Mahalnya Biaya Bencana Banjir Sumatera
Tim Riset Bloomberg Technoz
28 November 2025 16:43

Bloomberg Technoz, Jakarta - Cuaca ekstrem menyebabkan banjir bandang melanda beberapa daerah di Sumatera. Sejumlah bencana yang terjadi belakangan ini menegaskan satu hal, negara-negara di dunia, khususnya negara berkembang masih terjebak pada masalah dilematis: menyeimbangkan pembangunan dan pertumbuhan ekonomi dengan target iklim yang disepakati.

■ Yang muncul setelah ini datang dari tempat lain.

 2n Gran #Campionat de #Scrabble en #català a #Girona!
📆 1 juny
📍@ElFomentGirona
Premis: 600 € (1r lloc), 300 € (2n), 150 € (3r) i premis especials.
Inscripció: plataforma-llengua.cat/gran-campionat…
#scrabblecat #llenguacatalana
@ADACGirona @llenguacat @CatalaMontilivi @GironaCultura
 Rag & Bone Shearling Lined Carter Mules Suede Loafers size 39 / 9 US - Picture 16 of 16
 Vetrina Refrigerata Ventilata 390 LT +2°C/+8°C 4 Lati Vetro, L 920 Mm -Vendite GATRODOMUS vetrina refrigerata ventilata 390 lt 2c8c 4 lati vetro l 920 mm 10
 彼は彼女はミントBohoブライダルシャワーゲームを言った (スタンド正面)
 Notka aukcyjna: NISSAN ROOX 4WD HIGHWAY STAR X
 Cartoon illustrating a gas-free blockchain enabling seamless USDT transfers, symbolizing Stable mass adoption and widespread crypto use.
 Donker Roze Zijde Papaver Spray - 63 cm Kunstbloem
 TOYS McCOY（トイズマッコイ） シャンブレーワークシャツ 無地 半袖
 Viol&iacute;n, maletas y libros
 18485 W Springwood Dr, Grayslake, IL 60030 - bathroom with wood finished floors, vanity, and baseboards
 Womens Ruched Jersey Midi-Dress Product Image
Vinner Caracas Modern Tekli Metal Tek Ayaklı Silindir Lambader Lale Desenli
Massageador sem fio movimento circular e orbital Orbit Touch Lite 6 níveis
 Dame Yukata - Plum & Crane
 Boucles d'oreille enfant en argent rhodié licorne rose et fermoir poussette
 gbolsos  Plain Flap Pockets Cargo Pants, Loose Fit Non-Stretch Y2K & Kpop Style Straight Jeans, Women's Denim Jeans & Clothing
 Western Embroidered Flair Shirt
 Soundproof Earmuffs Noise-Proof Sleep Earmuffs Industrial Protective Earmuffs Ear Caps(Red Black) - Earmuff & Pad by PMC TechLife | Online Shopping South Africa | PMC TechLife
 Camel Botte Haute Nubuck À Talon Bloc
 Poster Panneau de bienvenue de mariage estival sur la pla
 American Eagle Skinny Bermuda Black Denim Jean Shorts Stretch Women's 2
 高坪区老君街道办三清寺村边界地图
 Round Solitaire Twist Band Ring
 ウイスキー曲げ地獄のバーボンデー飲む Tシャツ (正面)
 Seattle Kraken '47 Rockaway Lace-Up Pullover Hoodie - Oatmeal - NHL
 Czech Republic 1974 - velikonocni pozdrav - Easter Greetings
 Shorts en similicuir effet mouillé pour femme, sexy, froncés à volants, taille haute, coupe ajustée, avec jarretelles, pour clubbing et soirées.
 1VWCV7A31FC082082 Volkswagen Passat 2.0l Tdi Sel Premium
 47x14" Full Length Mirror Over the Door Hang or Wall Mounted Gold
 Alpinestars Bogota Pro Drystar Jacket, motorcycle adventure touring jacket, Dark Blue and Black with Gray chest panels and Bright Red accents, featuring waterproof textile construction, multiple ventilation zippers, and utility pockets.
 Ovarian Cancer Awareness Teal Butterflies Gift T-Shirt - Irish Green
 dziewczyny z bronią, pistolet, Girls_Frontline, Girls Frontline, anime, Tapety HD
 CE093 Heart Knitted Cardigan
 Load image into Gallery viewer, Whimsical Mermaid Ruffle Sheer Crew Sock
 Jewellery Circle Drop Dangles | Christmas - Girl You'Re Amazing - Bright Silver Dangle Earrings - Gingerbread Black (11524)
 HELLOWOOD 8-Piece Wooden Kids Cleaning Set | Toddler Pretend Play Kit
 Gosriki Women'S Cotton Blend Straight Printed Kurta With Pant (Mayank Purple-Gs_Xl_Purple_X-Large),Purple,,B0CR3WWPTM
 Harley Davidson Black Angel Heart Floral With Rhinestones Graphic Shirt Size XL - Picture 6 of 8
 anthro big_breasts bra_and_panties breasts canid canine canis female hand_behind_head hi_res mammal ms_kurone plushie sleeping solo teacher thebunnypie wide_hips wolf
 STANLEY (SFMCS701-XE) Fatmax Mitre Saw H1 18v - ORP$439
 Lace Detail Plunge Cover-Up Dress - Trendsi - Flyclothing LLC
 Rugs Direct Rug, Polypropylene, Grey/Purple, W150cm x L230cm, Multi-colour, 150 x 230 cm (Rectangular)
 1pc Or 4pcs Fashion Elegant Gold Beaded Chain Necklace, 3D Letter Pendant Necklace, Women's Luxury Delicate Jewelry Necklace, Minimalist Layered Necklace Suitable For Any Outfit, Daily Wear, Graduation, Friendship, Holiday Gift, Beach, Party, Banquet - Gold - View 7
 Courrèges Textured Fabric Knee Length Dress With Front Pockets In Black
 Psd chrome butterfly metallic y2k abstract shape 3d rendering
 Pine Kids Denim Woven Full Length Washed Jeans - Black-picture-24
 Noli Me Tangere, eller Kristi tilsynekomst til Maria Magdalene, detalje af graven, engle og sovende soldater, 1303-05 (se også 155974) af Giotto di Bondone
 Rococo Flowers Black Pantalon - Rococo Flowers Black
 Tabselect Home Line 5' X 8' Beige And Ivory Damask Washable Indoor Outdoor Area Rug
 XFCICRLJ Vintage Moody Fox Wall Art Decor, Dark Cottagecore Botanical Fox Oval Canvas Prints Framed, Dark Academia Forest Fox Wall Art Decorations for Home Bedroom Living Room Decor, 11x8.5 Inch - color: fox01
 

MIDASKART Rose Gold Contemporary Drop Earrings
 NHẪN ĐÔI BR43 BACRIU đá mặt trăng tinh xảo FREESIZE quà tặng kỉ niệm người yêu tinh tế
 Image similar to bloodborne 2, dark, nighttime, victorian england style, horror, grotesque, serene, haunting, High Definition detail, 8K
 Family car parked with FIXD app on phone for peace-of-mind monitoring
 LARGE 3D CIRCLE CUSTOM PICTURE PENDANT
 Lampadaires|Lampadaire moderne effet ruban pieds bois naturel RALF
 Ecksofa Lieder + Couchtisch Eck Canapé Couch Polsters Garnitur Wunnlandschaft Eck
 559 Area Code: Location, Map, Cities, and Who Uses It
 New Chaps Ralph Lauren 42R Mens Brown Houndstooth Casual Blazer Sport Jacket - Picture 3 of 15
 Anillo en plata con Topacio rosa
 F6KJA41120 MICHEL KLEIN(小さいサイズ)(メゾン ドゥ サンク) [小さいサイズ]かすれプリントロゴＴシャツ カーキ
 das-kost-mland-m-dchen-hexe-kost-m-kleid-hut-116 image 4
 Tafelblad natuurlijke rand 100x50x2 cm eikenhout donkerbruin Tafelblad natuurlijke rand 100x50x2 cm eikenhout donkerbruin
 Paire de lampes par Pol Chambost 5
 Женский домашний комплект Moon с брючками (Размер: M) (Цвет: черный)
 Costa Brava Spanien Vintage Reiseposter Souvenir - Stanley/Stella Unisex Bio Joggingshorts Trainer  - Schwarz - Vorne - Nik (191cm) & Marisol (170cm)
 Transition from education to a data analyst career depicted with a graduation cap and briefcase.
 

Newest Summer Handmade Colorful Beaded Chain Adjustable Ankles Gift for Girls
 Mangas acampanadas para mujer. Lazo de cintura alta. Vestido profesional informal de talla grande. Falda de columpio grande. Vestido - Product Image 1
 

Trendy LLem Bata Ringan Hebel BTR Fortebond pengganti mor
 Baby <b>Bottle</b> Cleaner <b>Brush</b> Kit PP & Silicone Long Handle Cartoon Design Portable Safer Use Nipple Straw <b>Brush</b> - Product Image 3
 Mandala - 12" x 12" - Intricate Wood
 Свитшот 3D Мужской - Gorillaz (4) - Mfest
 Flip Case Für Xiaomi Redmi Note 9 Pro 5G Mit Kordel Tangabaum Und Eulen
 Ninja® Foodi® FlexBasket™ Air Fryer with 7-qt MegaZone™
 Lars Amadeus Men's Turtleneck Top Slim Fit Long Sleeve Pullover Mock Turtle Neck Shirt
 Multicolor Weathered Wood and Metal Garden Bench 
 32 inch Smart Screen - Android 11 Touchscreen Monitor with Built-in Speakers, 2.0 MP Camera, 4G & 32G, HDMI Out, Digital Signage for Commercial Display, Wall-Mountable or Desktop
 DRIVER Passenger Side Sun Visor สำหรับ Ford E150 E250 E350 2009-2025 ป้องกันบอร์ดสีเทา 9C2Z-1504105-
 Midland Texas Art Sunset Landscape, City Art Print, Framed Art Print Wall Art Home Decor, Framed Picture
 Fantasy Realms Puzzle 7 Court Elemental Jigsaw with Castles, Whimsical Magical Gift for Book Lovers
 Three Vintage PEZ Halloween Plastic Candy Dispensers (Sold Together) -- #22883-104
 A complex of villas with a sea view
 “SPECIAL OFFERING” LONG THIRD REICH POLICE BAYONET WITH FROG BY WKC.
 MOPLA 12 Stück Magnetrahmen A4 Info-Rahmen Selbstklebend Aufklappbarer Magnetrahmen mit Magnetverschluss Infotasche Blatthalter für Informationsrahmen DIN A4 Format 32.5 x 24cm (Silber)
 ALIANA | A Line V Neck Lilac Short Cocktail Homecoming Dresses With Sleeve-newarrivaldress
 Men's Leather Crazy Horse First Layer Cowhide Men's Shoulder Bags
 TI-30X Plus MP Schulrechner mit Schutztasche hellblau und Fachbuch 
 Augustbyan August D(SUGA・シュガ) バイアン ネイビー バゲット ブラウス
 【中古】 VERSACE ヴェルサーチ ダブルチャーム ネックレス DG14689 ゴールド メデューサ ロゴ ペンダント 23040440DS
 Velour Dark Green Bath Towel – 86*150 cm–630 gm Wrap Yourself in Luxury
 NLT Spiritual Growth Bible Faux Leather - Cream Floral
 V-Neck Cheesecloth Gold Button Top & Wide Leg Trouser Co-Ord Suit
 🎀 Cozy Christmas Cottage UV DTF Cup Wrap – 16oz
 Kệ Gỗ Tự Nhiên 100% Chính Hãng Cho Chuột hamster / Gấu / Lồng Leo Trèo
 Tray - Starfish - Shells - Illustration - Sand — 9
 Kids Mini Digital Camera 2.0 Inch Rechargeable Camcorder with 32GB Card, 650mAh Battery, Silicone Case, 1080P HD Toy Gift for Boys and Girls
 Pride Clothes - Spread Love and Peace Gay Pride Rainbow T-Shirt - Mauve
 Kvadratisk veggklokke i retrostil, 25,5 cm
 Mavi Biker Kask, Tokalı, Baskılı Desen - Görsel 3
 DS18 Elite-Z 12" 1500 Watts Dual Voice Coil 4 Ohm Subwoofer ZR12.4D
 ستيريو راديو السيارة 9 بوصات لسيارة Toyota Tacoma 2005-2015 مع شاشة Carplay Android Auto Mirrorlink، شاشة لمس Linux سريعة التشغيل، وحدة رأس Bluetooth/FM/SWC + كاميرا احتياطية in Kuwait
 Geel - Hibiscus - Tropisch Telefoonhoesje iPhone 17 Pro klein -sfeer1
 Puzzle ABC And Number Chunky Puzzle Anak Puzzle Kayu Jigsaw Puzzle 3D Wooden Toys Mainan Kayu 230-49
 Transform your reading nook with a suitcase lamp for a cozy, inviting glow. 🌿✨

Dalam forum internasional, Indonesia menyepakati akan mencapai target emisi nol bersih (net zero emission) pada 2060, dan target emisi gas rumah kaca sebesar 1,5 gigaton pada tahun 2035. Tentu target ini cukup ambisius di tengah rencana pertumbuhan ekonomi yang dipasang sebesar 8%.
Strategi menyeimbangkan target pertumbuhan ekonomi dan target iklim memang kerap dilematis. Di satu sisi, negara berkembang harus menggenjot pertumbuhan ekonomi untuk mengurangi kemiskinan, membangun infrastruktur, dan membiayai pembangunan. Di sisi lain, Indonesia juga menghadapi tekanan trade-off struktural untuk mengurangi emisi demi target iklim.
Beberapa kali Indonesia jadi perhatian di panggung global mengenai deforestasi. Selain pemilik hutan hujan tropis terbesar di dunia setelah Brazil, Indonesia juga merupakan produsen minyak sawit terbesar. Kondisi ini membuat Indonesia menjadi sasaran kritik organisasi lingkungan dan negara-negara di Uni Eropa, terkait pembukaan lahan hutan untuk perkebunan kelapa sawit.
Memang, saat ini ekonomi Indonesia masih sangat bergantung pada sektor-sektor intensif karbon seperti batu bara dan perkebunan. Tapi, transisi energi yang terlalu cepat tanpa dibarengi dukungan finansial juga membahayakan stabilitas, karena bisa menyebabkan naiknya biaya listrik, dan mengganggu roda industri.